This week, Meta announced a language model called Galactica that was able, given a query, to produce plausible looking texts in scientific domains. A specific claim in the paper is:

… It could synthesize knowledge by generating secondary content automatically: such as literature reviews, encyclopedia articles, lecture notes and more. And lastly, it could organize different modalities: linking papers with code, protein sequences with compounds, theories with LaTeX, and more. …

The team were kind enough to provide a live demo, beautifully presented, which demonstrated some of these capabilities. Like everyone else, I tried it, and can report that it was reliably pretty good at capturing the style. Certainly, the vision of being able to produce customized secondary content on demand is attractive. On the other hand, what if the secondary content is unreliable or misleading? It is well-known that texts generated by previous language models were impressively fluent, especially within a narrow window, but prone to inconsistencies at higher levels of structure. For example, in a story, the topic may drift in unexpected ways, or character names may change for no apparent reason, or things may change color more or less at random. It appears that these models are not maintaining a consistent enough representation of “what is going on in the story”. An advocate will argue that they must be doing at least some of this, because aspects of the output are consistent, while a skeptic will draw attention to the deficiencies. If the sole purpose of the model is to generate engaging output, this might be OK. If, for some reason, you need the story to be consistent, it is not.
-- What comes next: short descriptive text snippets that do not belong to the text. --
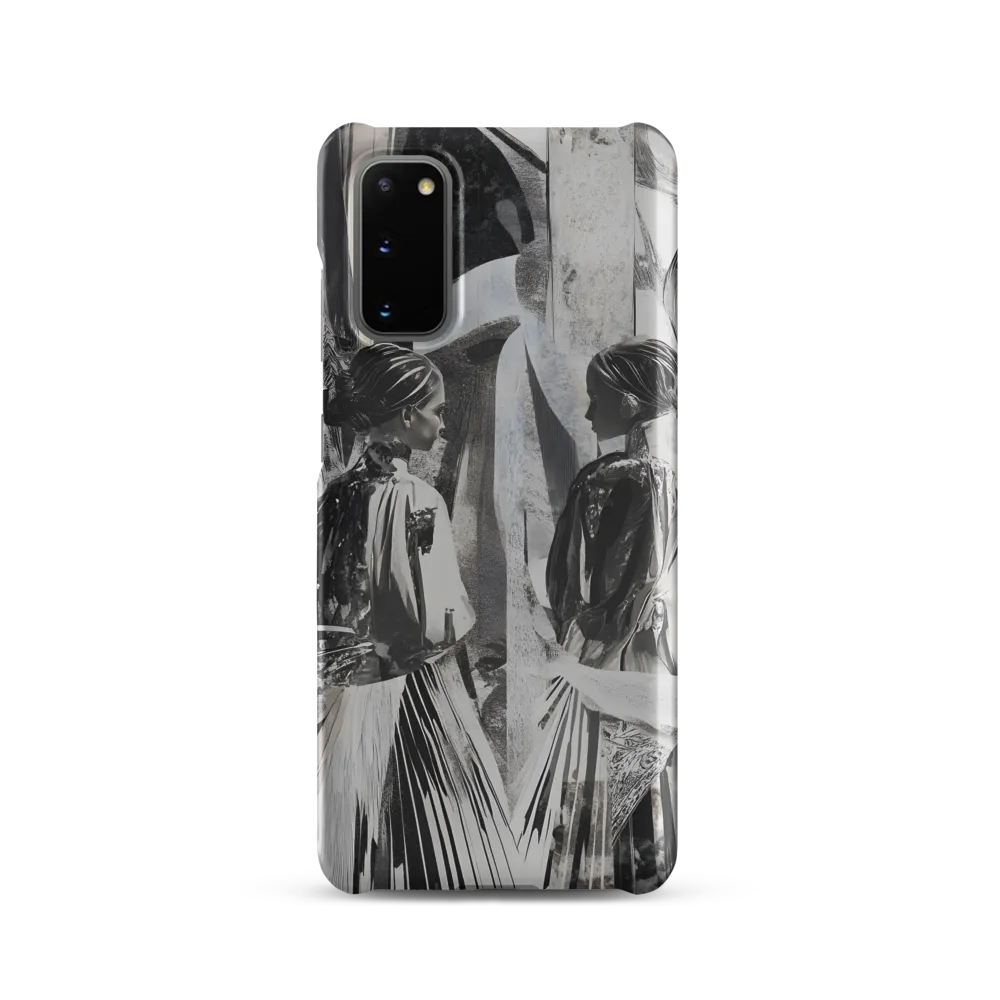 Reflections in Monochrome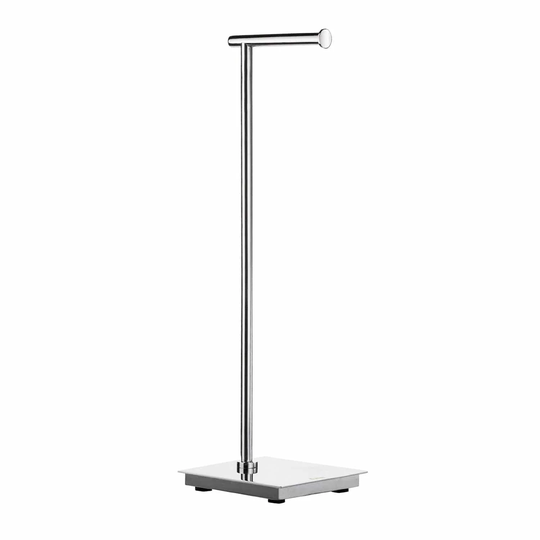 Smedbo Fk602 Toalettpapirholder Gulv Krom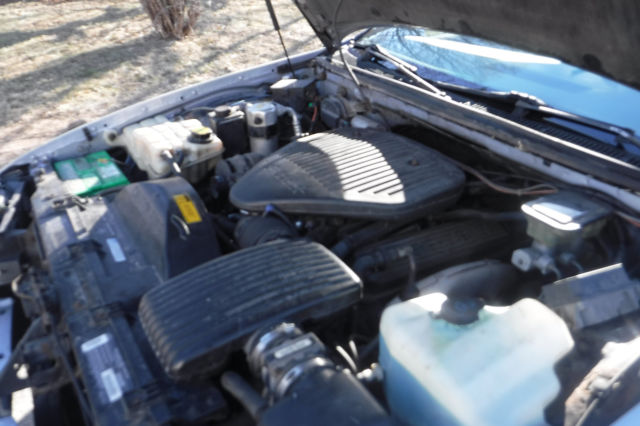 1994 Chevrolet Caprice - photo 8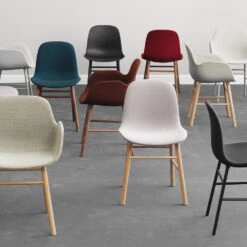 Normann Copenhagen Form Stoel 9 Normann Copenhagen Form Stoel -Muuto Verkoopwinkel form simon galleri 99af2baf72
Where does Galactica, which targets scientific knowledge, stand relative to this kind of requirement? Unfortunately, despite all its strengths, not outstandingly well. In fact, when people began to play with the demo, it turned out not to be at all hard to obtain output that was variously offensive, disturbing, generally misguided or just plain wrong. This produced a storm of bad publicity, after which the demo was taken down. Part of the issue is the simple fact that if a high-profile company puts a demo up on the Internet, there will always be people who will be motivated to break the demo. But there is clearly more to it than that.

One issue is the enabling of scientific malpractice. Koestler’s “Case of the Midwife Toad” and other examples, such as Cyril Burt’s twin studies, show that researchers can gain short-term benefit and reputation by publishing bogus studies. The base rate of serious scientific malpractice in the peer-reviewed and published research literature is unknown, probably quite low, and the review process is designed to keep it that way. It is convenient that substantively bad scientific work is often bad along other easily detectable dimensions, such as terminology and style. This facilitates the peer review process, because rejecting a paper that is obviously very badly written takes less reviewer effort. Since Galactica produces text that looks good along these dimensions, and people will submit such papers, it runs the risk of burdening the review process.

A second issue, which turned up even more strongly in a system called ChatAI is that models like this are very good at pastiche: the emulation of a style. To determine if something ‘looks right’ we rely on shallow patterns, and they are great at that. This matters because,in our experience with people a command of style usually goes together with command of the content. A person who can produce math that is content correct and in good style can also produce stuff that is in good style but content incorrect. But they usually don’t. So when we encounter model output we tend to evaluate it on the assumption that style and content are pointing in the same direction.

Abandoning that assumption is hard for us to do. We tend to fall back in to the mental shortcut of relying on the correlation. Consequently we tend to cut the models more slack than they deserve. The model’s failings don’t look like the failings of an ignorant or incompetent human being: they look like the failings of a very smart person. If we even notice that they are failings at all, they look pretty good to us. That’s because, in the world of humans, the only likely way to acquire the ability to pastiche good math writing is to learn how to do it for real, so the best explanation for a thing that does that is that it is somehow extremely smart.

In reality, we need to realize that their failings are not like the failings of any human, but along different dimensions. Our intuitions fail. The remedy is not to rely on “looks good to me”, but instead to carefully probe the abilities of whatever you are studying. Incidentally, a course in experimental psychology will almost inevitably have the effect of making you question “looks good to me” as a way of finding out anything substantial about humans.